Pete watched the airspeed and attitude gyro indicator as he dove the aircraft to the left. The desert landscape below them appeared to tilt up as they moved in a corkscrew, descending to the ground. The G-forces pushed both of them back into their seats. Thank God it was just him and Jack on this baby. A passenger flight would have had the passengers gripping their armrests and screaming in terror. Jack kept up the chatter as Pete kept the downward spiral as tight as possible, Jack’s voice sounding muffled through the oxygen mask as he read out their altitude and rate of descent.

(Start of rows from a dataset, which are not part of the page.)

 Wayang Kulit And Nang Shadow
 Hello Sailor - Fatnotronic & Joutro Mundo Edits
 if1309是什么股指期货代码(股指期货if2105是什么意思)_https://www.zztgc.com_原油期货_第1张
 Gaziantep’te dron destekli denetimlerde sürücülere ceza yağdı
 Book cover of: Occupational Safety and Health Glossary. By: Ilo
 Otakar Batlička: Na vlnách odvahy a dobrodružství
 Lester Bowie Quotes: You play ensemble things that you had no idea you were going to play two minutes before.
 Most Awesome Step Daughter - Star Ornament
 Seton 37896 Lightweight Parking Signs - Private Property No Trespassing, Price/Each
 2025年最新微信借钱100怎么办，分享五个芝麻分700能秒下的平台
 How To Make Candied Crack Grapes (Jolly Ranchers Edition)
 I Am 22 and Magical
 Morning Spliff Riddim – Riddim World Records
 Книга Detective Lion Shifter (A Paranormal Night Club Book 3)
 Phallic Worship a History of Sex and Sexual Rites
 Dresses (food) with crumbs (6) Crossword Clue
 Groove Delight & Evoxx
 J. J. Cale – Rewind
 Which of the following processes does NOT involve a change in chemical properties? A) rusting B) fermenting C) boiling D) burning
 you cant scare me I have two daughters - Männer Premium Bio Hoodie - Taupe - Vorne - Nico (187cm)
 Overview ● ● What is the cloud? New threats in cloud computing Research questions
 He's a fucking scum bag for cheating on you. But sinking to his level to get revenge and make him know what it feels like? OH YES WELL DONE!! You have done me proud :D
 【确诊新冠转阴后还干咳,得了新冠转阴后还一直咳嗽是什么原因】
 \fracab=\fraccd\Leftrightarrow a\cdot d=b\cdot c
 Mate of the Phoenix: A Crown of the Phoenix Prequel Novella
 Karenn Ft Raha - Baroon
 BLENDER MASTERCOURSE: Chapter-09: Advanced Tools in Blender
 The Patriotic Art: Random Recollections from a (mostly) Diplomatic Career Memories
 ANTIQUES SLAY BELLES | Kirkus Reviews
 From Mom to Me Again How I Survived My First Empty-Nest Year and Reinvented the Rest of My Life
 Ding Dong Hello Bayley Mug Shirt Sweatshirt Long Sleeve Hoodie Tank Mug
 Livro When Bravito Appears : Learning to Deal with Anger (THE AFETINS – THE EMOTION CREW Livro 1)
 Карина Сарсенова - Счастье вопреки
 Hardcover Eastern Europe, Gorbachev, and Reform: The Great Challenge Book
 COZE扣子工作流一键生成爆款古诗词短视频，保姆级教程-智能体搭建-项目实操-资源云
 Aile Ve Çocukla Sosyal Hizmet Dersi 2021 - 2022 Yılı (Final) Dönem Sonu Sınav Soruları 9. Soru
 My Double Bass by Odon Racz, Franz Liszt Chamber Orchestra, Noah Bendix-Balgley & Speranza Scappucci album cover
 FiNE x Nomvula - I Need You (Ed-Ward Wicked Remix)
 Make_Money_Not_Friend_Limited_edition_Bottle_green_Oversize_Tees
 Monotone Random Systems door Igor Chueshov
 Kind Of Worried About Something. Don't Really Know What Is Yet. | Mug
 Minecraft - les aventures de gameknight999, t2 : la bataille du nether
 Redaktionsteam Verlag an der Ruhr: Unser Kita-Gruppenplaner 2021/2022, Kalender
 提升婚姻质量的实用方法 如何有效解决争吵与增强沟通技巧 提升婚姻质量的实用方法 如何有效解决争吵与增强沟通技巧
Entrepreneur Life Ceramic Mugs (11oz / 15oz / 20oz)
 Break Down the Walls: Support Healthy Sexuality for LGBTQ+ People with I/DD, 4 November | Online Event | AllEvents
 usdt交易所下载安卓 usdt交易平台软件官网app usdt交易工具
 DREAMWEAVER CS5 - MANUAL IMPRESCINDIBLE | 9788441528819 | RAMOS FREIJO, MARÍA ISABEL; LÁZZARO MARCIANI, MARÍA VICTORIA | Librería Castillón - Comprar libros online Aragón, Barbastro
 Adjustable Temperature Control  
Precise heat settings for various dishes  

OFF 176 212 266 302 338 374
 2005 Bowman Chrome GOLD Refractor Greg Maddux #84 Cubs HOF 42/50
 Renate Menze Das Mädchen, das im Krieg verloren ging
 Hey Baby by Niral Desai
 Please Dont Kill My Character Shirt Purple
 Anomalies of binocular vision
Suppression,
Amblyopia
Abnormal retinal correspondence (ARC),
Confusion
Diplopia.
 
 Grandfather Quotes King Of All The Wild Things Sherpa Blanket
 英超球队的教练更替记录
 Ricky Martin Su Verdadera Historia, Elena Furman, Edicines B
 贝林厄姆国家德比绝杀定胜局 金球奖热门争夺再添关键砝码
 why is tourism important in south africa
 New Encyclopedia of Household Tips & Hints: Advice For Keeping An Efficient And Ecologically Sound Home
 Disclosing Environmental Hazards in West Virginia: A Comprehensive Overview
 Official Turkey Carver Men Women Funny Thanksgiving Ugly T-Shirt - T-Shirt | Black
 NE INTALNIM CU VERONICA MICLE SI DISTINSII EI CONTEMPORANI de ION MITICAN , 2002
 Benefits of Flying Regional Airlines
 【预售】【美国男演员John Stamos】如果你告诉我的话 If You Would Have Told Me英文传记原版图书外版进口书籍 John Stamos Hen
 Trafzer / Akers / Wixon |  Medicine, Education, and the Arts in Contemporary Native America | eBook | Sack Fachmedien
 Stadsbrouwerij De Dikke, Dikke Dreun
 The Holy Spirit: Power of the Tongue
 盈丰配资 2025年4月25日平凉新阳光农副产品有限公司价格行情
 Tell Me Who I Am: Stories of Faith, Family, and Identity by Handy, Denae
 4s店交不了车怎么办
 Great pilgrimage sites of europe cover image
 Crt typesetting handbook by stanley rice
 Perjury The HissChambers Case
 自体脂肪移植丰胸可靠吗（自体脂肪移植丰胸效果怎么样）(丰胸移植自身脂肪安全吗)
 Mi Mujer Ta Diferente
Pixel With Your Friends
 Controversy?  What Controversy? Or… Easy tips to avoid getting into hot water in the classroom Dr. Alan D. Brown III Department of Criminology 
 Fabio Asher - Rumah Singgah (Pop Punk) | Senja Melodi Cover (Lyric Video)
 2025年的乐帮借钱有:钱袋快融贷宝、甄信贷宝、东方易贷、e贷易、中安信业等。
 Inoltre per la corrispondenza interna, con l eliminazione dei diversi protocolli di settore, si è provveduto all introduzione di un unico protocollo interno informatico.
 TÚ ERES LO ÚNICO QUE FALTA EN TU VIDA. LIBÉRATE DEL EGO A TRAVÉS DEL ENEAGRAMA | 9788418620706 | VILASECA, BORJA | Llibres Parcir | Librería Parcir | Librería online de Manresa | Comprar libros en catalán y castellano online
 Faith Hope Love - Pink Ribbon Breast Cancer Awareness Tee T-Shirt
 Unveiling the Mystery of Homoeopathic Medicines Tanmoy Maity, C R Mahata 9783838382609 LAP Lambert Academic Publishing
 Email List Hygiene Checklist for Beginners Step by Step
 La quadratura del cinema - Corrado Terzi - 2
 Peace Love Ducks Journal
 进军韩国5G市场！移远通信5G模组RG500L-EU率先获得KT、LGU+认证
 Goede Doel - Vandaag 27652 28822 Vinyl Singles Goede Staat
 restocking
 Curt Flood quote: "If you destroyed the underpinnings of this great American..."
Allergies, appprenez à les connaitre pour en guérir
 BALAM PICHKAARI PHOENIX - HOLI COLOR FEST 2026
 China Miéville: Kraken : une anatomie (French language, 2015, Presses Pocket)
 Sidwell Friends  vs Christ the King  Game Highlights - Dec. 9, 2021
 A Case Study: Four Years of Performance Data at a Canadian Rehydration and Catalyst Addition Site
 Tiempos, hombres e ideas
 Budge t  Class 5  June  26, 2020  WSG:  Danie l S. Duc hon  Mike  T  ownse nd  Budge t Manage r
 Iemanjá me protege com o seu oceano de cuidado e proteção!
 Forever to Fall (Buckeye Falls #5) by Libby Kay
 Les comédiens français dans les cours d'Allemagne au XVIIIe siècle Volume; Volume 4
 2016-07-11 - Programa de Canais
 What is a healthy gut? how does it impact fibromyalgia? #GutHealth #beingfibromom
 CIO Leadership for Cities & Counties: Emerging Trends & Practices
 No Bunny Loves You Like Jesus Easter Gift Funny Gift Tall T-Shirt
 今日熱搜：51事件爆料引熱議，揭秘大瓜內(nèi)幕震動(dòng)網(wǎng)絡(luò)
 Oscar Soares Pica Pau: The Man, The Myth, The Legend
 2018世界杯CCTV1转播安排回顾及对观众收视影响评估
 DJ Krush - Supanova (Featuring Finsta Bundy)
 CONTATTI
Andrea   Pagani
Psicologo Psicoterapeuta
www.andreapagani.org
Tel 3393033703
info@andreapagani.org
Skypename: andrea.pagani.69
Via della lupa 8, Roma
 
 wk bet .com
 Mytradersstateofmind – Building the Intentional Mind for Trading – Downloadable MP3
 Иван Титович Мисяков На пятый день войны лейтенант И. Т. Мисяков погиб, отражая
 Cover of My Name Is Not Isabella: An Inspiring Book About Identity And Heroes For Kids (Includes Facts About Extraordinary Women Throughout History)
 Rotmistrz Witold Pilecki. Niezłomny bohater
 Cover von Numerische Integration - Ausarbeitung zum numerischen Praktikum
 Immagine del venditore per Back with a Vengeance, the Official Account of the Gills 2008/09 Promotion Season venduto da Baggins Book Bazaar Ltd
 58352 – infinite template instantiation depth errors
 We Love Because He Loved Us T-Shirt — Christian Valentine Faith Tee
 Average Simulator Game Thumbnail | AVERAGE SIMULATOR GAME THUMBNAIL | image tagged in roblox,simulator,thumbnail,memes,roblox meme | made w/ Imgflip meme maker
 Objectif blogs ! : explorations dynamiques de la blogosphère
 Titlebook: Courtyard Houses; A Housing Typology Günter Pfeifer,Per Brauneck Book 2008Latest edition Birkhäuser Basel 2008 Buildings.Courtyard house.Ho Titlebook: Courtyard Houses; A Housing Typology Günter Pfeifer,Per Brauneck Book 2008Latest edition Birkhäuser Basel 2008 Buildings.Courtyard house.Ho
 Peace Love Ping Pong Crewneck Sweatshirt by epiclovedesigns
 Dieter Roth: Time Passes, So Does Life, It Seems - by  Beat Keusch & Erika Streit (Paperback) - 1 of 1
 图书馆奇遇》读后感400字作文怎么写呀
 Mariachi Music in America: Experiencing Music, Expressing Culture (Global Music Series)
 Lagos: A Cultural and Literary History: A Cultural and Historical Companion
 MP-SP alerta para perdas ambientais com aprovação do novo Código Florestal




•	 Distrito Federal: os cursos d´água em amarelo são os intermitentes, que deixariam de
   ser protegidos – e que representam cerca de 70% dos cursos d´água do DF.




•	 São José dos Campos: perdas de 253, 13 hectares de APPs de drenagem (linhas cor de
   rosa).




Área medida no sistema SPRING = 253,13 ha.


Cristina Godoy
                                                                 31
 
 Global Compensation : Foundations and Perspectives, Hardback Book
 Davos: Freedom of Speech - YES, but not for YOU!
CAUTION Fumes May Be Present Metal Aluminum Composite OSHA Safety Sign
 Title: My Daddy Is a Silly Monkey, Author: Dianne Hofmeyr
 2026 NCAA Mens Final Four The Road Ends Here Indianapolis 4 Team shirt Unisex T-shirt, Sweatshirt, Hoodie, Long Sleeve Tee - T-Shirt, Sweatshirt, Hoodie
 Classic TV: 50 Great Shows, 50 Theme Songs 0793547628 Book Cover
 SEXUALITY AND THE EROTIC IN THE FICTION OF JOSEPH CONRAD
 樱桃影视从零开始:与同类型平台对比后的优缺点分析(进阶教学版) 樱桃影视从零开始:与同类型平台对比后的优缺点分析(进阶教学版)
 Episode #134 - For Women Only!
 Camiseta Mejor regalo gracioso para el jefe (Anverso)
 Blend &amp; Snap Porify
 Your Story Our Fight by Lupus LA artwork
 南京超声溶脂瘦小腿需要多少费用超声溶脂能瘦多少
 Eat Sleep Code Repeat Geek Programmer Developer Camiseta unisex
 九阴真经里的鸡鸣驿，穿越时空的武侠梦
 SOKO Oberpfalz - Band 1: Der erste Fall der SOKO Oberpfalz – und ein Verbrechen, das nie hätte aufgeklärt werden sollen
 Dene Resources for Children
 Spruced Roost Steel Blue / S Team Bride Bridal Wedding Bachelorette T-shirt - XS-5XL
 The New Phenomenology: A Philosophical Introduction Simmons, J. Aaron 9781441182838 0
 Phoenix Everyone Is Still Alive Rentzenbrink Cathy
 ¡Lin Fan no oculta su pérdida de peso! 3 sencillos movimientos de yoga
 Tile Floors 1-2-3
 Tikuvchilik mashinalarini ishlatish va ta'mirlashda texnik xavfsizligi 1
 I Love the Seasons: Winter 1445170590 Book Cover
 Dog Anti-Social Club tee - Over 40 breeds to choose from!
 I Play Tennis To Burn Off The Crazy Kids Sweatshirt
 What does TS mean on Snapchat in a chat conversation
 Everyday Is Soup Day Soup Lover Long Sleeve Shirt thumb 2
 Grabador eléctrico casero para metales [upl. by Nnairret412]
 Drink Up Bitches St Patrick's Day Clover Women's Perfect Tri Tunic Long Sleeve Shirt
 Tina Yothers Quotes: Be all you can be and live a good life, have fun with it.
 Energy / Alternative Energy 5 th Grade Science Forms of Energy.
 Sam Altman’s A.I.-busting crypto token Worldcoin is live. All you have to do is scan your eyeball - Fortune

‘Ten thousand feet,’ Jack called out. ‘Six thousand feet per minute down.’

The land continued to spin around. Pete forced himself to scan outside and then back inside to the instruments. Ignore everything else.

At four thousand feet it was time… time to descend as rapidly as possible and, then pull out at the last minute to attempt a type of landing that was so crazy they didn’t even bother to train for it in the simulators.

His co-pilot said, ‘Gear’s down, flaps thirty, landing checklist complete.’

Pete said, ‘Let’s do it.’

He pulled the throttles to idle, lowered the nose and extended the speed brakes. The aircraft, as one of his old instructors would have said, started to come down like a ton of shit.

Jack called out, ‘Three thousand feet!’

‘Roger,’ Pete said, as he retracted the speed brakes and started the turn to the final approach.

There you go, he thought. Below three thousand feet and somewhere in the belly of his aircraft — his responsibility! -anthrax was now spraying out. A few hours ago their original destination had been Los Angeles; he refused to think of how many would have ended up dead because of him if they hadn’t been stopped in time.